Political discourse in 2012: #!*&%$!

Political discourse in 2012: #!*&%$! 2016-09-30T17:06:27-04:00

The soaring rhetoric of ages past has crashed to earth.

From the AP:

What the $?&(! is going on with our politicians?

The mayors of New York and Philadelphia and the governor of New Jersey let loose with a few choice vulgarities over the past two weeks in otherwise G-rated public settings, including a town-hall meeting and a City Hall event.

And all three men knew full well the microphone was on.

While foul language has been uttered in politics before, the blue streak is making some wonder whether it reflects the coarsening effects of pop culture in this reality-TV era of “Jersey Shore” and “The Real Housewives,” a decline in public discourse, a desire by politicians to come across as average Joes, or just a really hot summer.

First there was famously blunt New Jersey Gov. Chris Christie branding a lawmaker “one arrogant S.O.B.” at a town hall last month (and using some stronger epithets in discussing his passion for the music, though not the politics, of Bruce Springsteen in an interview published in The Atlantic this month.)

Then New York Mayor Michael Bloomberg, apparently having trouble stomaching a slew of puns in his prepared remarks for Tuesday’s contestant weigh-in at City Hall before the Fourth of July hot dog-eating contest, chuckled, “Who wrote this s—?” to guffaws from the crowd.

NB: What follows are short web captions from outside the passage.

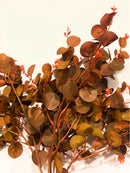 Artificial Autumn Eucalyptus Stems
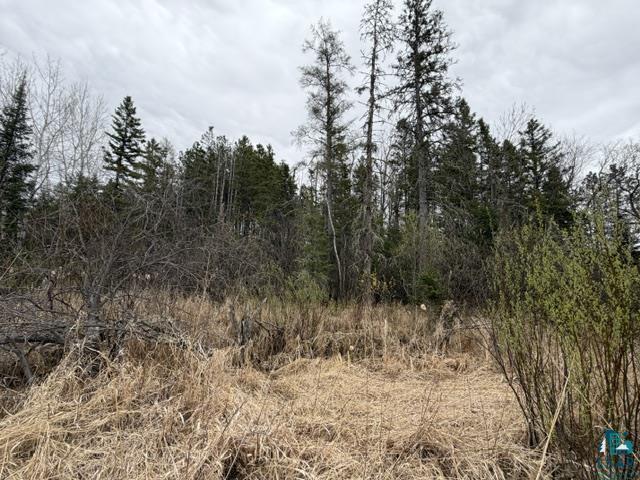 TBD 5th St SW, Cook, MN 55723-0000 Listing Photo  2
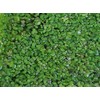 500 Live Duckweed Plants (Lemina Minor)
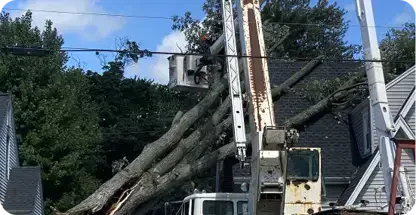 Big Chipper Tree Service LLC gallery 4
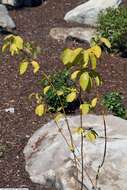 Image of northern spicebush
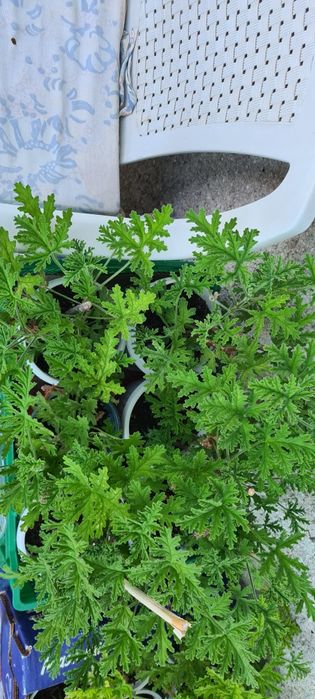 Индрише, красиво, ароматно!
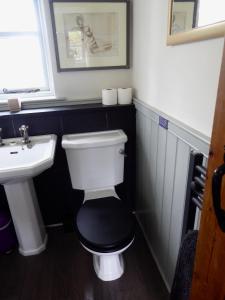 a bathroom with a toilet and a sink at High Ground Cottage, Eskdale in Eskdale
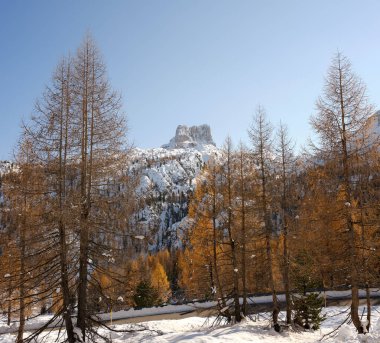 Cortina d 'Ampezzo, Veneto, İtalya, Avrupa' daki 5 Torri 'nin manzarası, sonbaharda güneşli bir günde yeşilliklerin rengiyle birlikte. Karakteristik tepeleri, ağaçlık alanları ve gölleri olan zincir, yürüyüş, kar ayakkabısı, yürüyüş ve bisiklet için popüler bir durak..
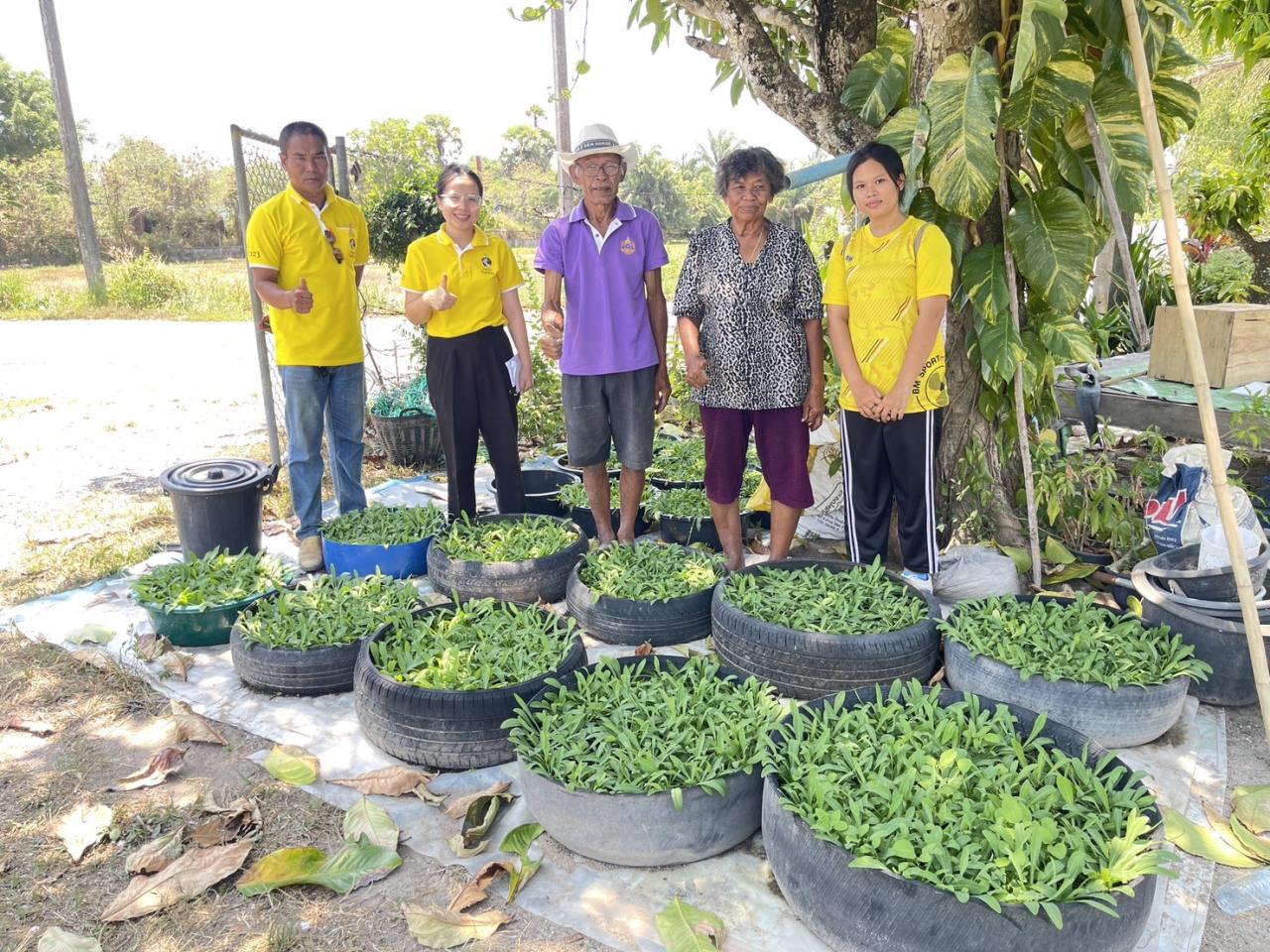 ภาพประกอบที่ 5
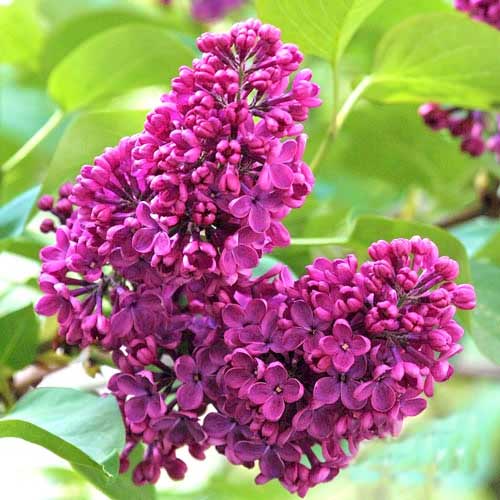 Liliac Charles Joly imagine 1 articol 9096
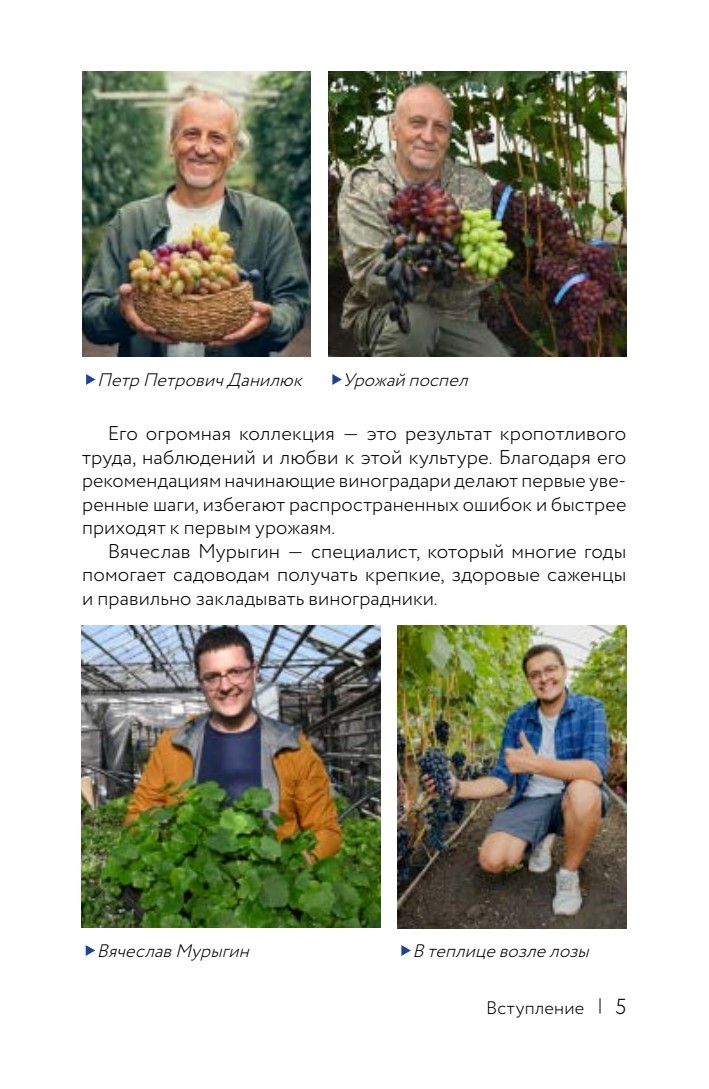 Виноград. Путь лозы. Шпаргалка-трекер: от черенка до грозди | Grapevines. The Path of the Vine. A Handbook-Tracker - Ozon image 4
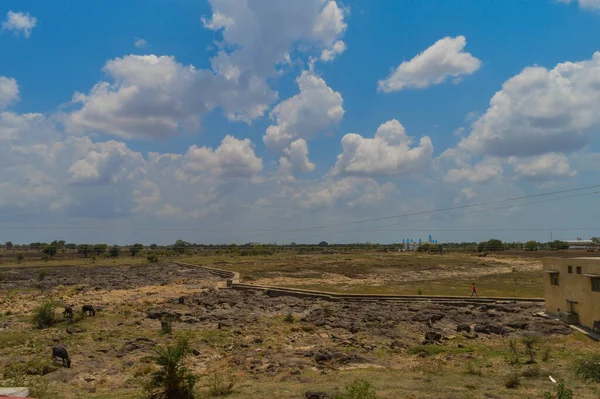 Beautiful Sky Some Buffalo Kishor Kumar Memorial Khandwa Madhya Pradesh — Stock Photo, Image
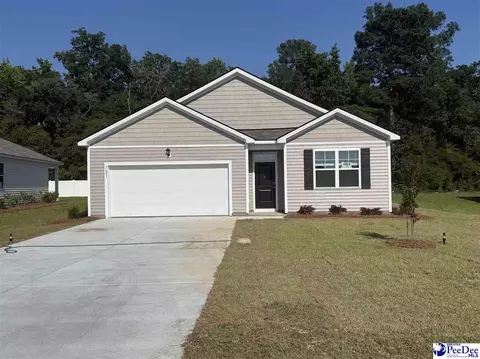 2087 E Paces Trl, Darlington, SC 29532 photo 1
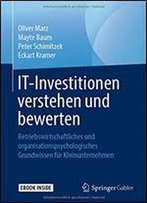 It-Investitionen Verstehen Und Bewerten: Betriebswirtschaftliches Und Organisationspsychologisches Grundwissen Fr Kleinunternehmen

Then it was Philadelphia Mayor Michael Nutter’s turn on Thursday at a news conference where he discussed a shooting a few blocks from the center of the city’s July Fourth celebration. He said he wasn’t going to let the city’s image be harmed by “some little ass—- 16-year-old.”

“My sense is: Because they want to appear to be in tune with popular culture, politicians feel free to express themselves in profane ways,” said Rutgers University political scientist Ross K. Baker. And he finds that troubling: “I honestly do believe that, in aping the coarseness of popular culture, people in public life are really dragging us into a discourse of fang and claw.”

President Harry S. Truman was criticized for his use of such salty language — for his time — as “hell” and “damn.” And many Americans were shocked by Richard Nixon’s liberal use of profanities on the Watergate tapes, which made “expletive deleted” a pop-culture catchphrase.

In more recent years, then-candidate George W. Bush was caught on what he didn’t realize was a live microphone describing a reporter as a “major-league ass—-,” and Vice President Dick Cheney hurled the F-word at Vermont Sen. Patrick Leahy on the Senate floor.

In 2010, Vice President Joe Biden was heard using the F-word on live television in a whispered congratulation to President Barack Obama at the signing of his health care bill.

The seeming proliferation of political swearing reflects changes in both social norms and the media landscape, said Robert Thompson, director of the Bleier Center for Television and Popular Culture at Syracuse University. Offhand remarks that might once not have been reported now get captured on video and posted online.

“Politics has been nasty” for years, Thompson said. “The difference is we now have media that show this stuff.”